It can't POSSIBLY be that useful! Nah, I think it's mostly common sense, but a lesson learned the hard way.
Despite the tendency for so many on SI to overtrade, it is a HUGE achievement to earn a few % over the averages over the long haul. And over the long haul, that's all it takes to turn a decent nest egg into investment capital.
In my experience, beating the averages by a few % can be achieved strictly by sector selection. Ignore the overall market as much as possible, except to determine net exposure levels. And monitor portfolio beta like a hawk.
As far as I'm concerned, nothing I've seen so far disputes the notion that a cyclical bear launched with the price highs set during the first week of the year in $NDX. You can choose your index of interest to show other peaks, but that was the speculative high, and the rational expectation would be for an above-average depth and duration bear.
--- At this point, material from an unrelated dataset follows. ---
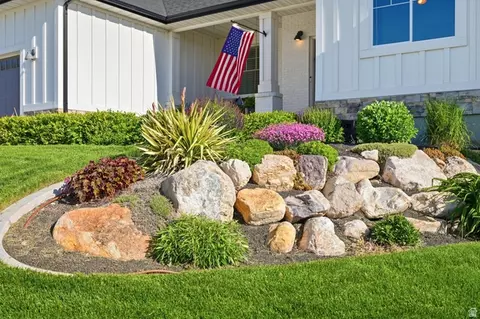 Exterior - 1058 E 300 S, Smithfield, UT 84335 photo 7 of 14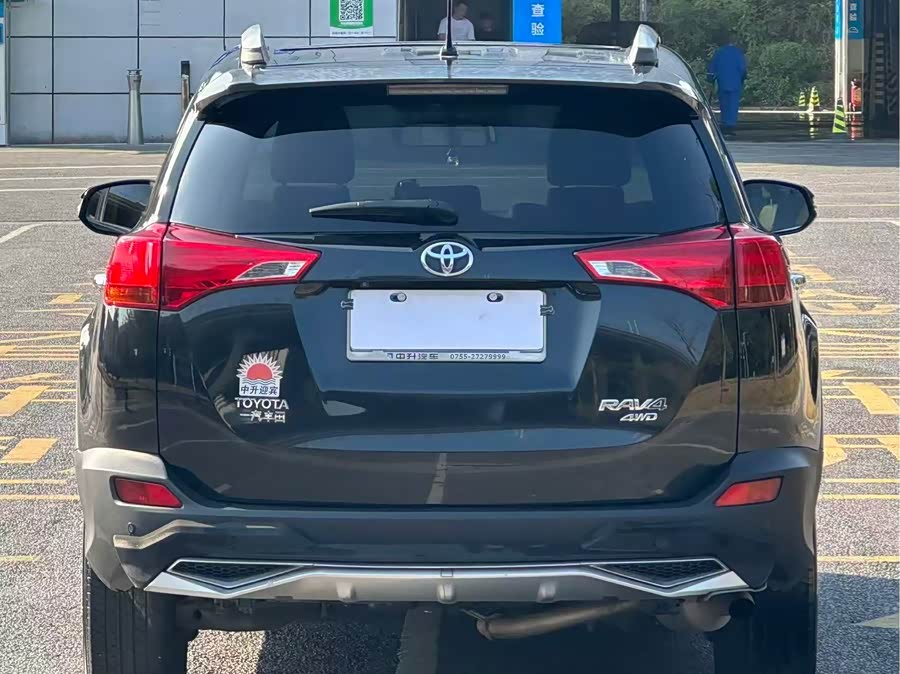 Toyota RAV4 2014 изображение автомобиля #16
When we've got that, we can start talking about whether or not the secular bear is truly back.
Like many others on this thread, I'm remain exposed to homebuilding, and I'm building positions against construction suppliers (capex, steel, concrete, lumber), the consumer (retail, restaurants, autos), emerging markets, techland (semiconductor equipment, semiconductors, software), and startng to tiptoe into the brokers.
The worst part of my shortfolio, as usual, is where I've tried to fade old favorite momo names that appeared to be breaking down.